The task calls for the lines below from the line with "Vintage Marithe Francois" to the line with "Nghịch Lý Dầu", both ends included, copied exactly, without any pictures.

* * * * * * *

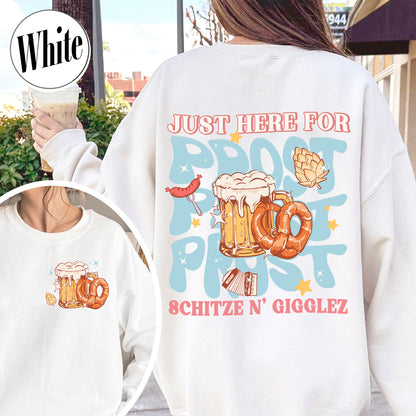 Beer Festival Sweatshirt, Oktoberfest Drinking Team Sweatshirt, Oktoberfest Frost Sweatshirt, Germen Beer Sweatshirt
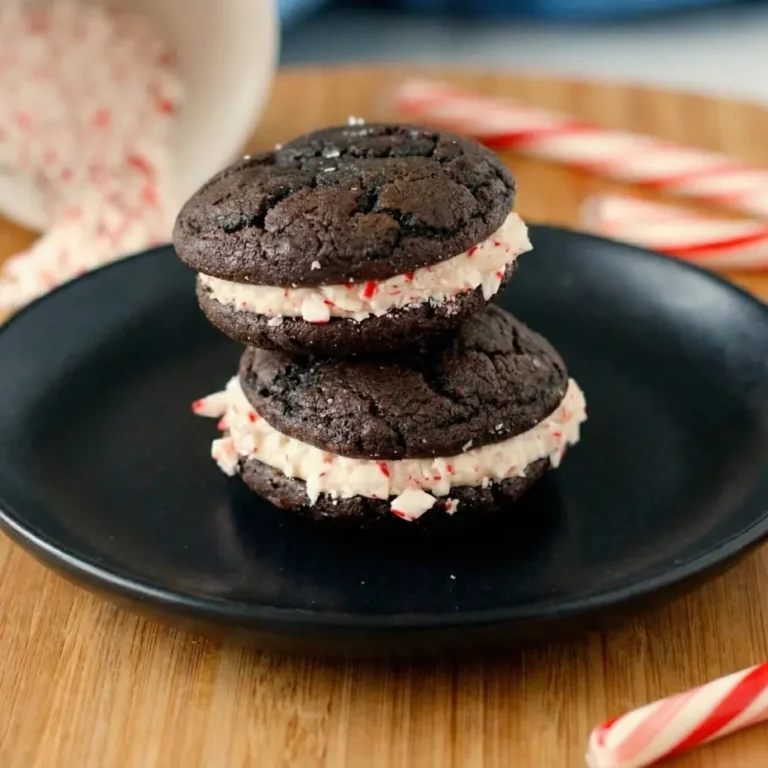 Peppermint Whoopie Pies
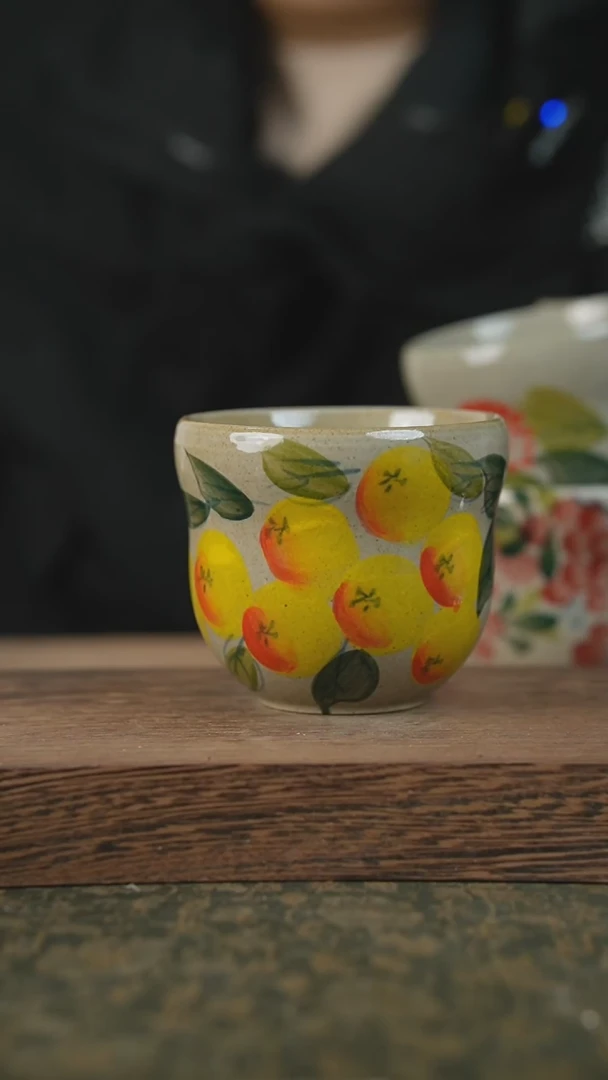 【闪购商品】摆件摆件泥垚手作 景德镇手工手绘器物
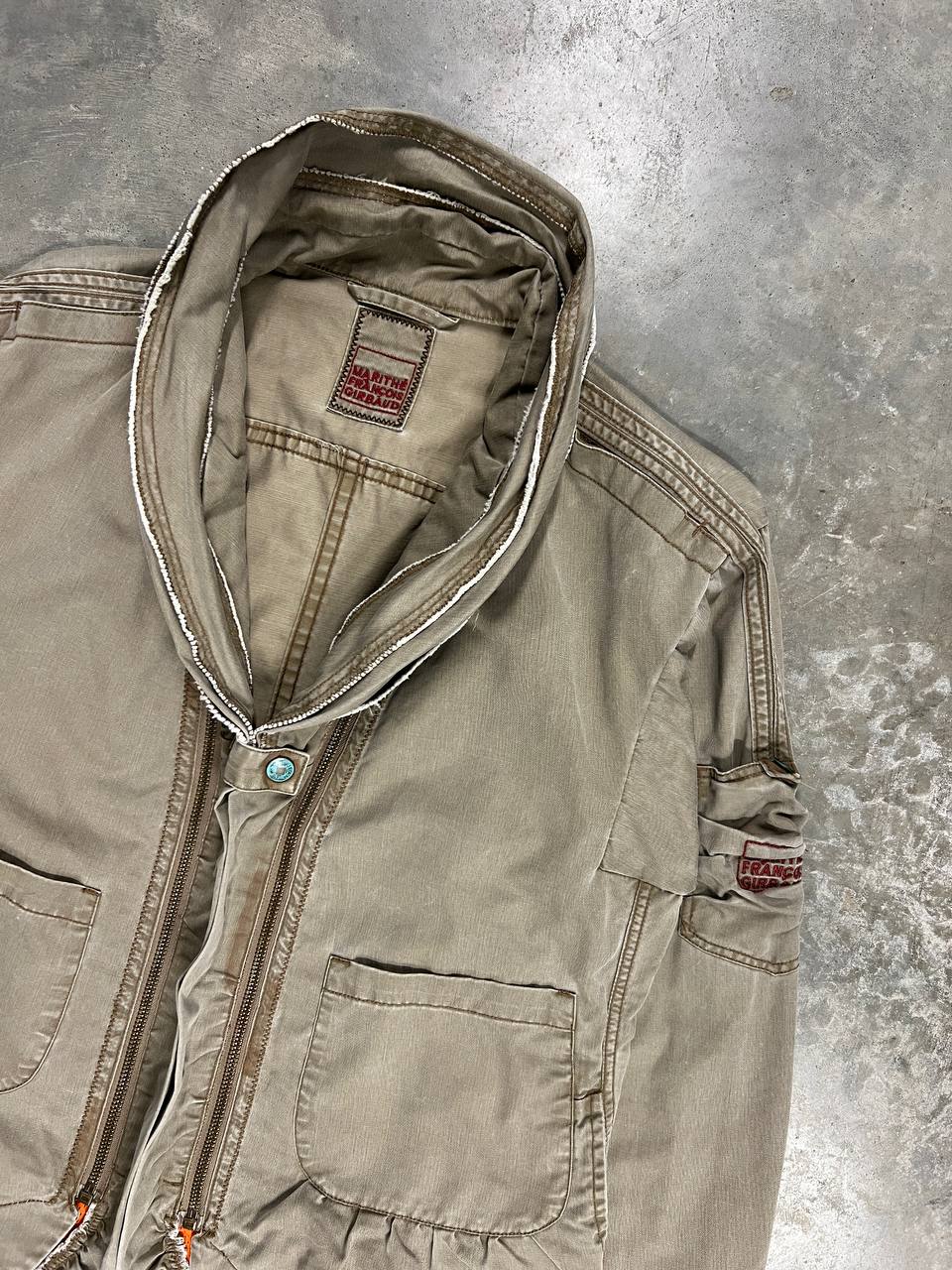 Vintage Marithe Francois Girbaud Hidden Pockets Jacket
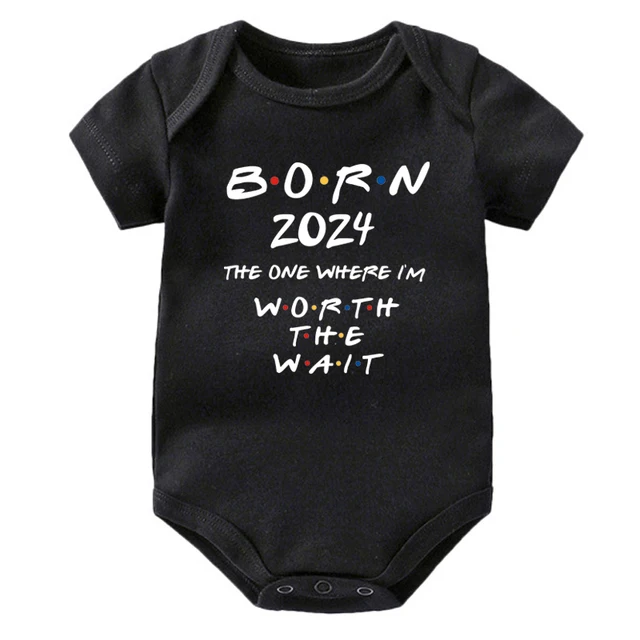 Baby Bodysuits Born 2020 Baby Clothes Baby Announcement Born 2024
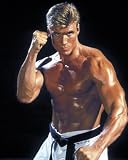 DOLPH LUNDGREN 8X10 COLOR PHOTO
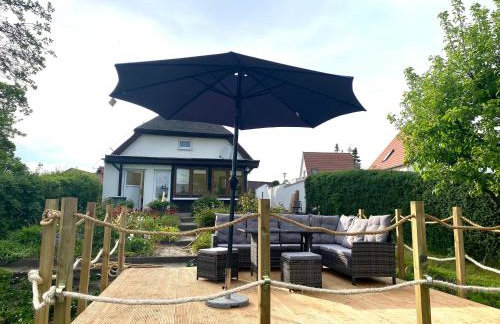 Ferienhaus mit Wasserblick auf der Insel Usedom - Foto 1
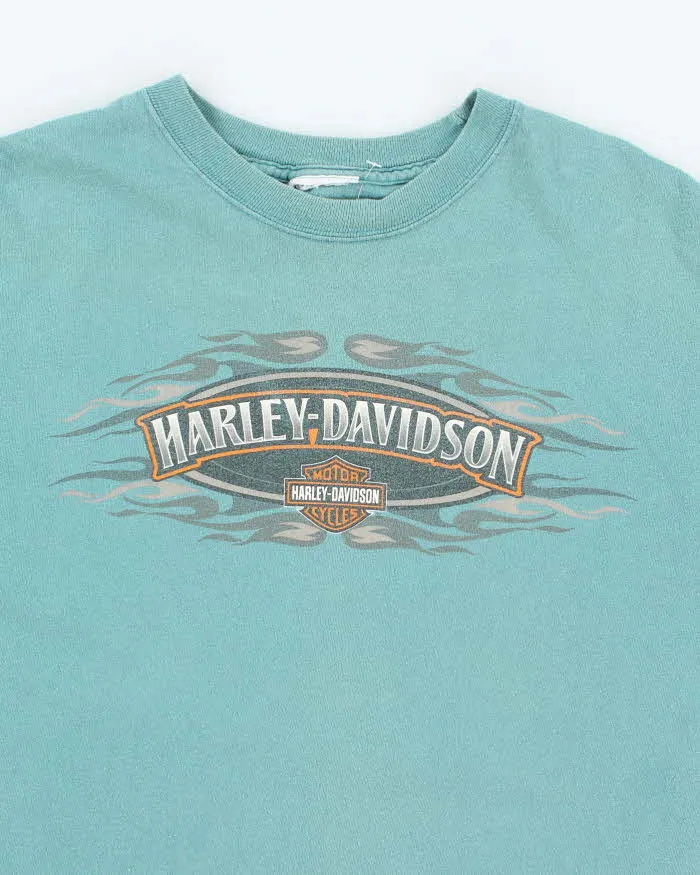 Vintage 2000's Harley Davidson Smokey Mountains Graphic T-Shirt - L sold by Rokit product image thumbnail 3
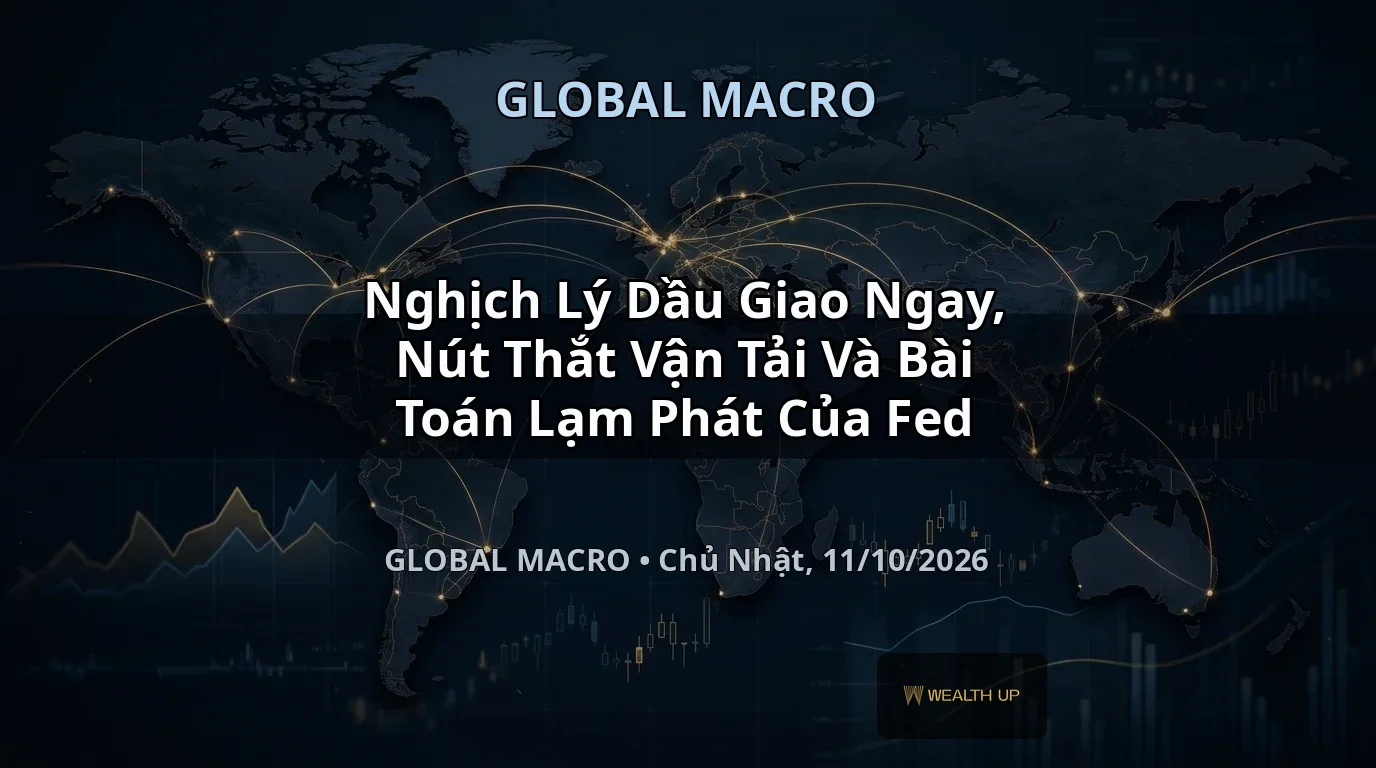 Nghịch Lý Dầu Giao Ngay, Nút Thắt Vận Tải Và Bài Toán Lạm Phát Của Fed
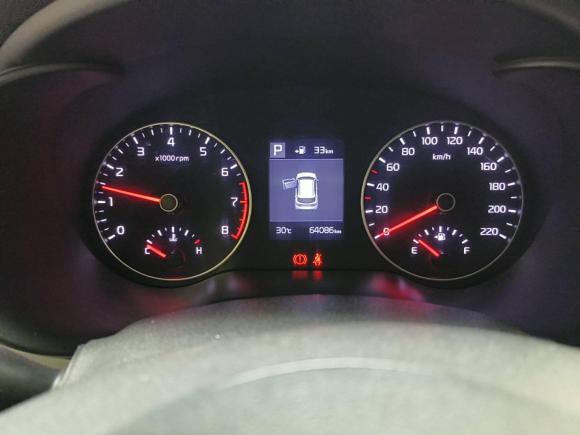 [西安·陕J] 二手起亚KX CROSS2018款 1.6L 自动灵动天窗版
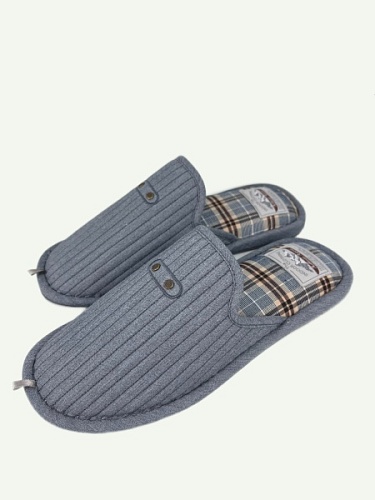 Тапочки мужские Lucky Land 3921 M-TPRC серый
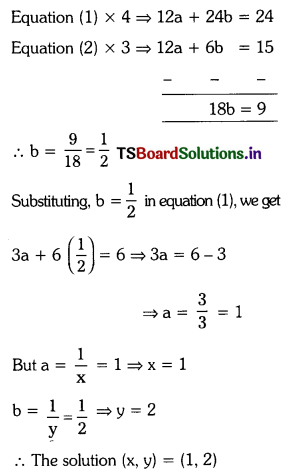 TS 10th Class Maths Solutions Chapter 4 Pair of Linear Equations in Two Variables Ex 4.3 19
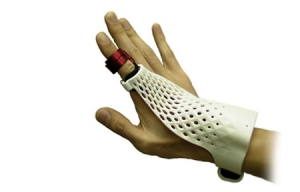 Fujitsu手势控制手套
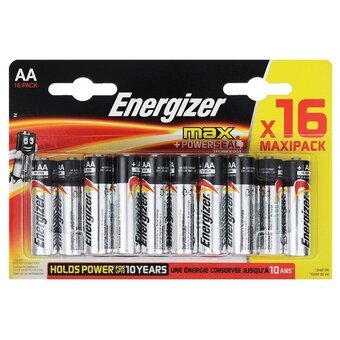  Батарейка AA Energizer LR06-16BL Max (E301533101) 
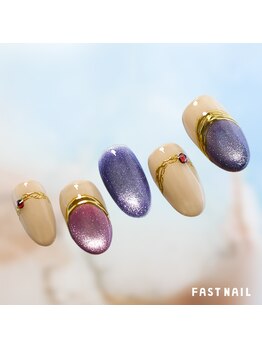 ファストネイル ロコ 昭島店(FAST NAIL LOCO)/ギャラクシーネイル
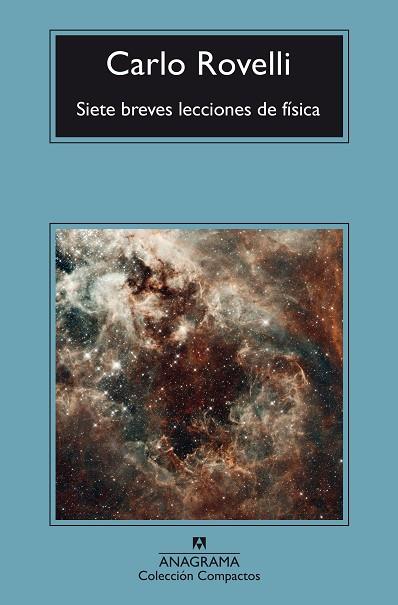 SIETE BREVES LECCIONES DE FÍSICA | 9788433978158 | ROVELLI, CARLO | Llibreria Online de Vilafranca del Penedès | Comprar llibres en català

* * * * * * *

__TASK OUTPUT__:
 Vintage Marithe Francois Girbaud Hidden Pockets Jacket
 Baby Bodysuits Born 2020 Baby Clothes Baby Announcement Born 2024
 DOLPH LUNDGREN 8X10 COLOR PHOTO
 Ferienhaus mit Wasserblick auf der Insel Usedom - Foto 1
 Vintage 2000's Harley Davidson Smokey Mountains Graphic T-Shirt - L sold by Rokit product image thumbnail 3
 Nghịch Lý Dầu Giao Ngay, Nút Thắt Vận Tải Và Bài Toán Lạm Phát Của Fed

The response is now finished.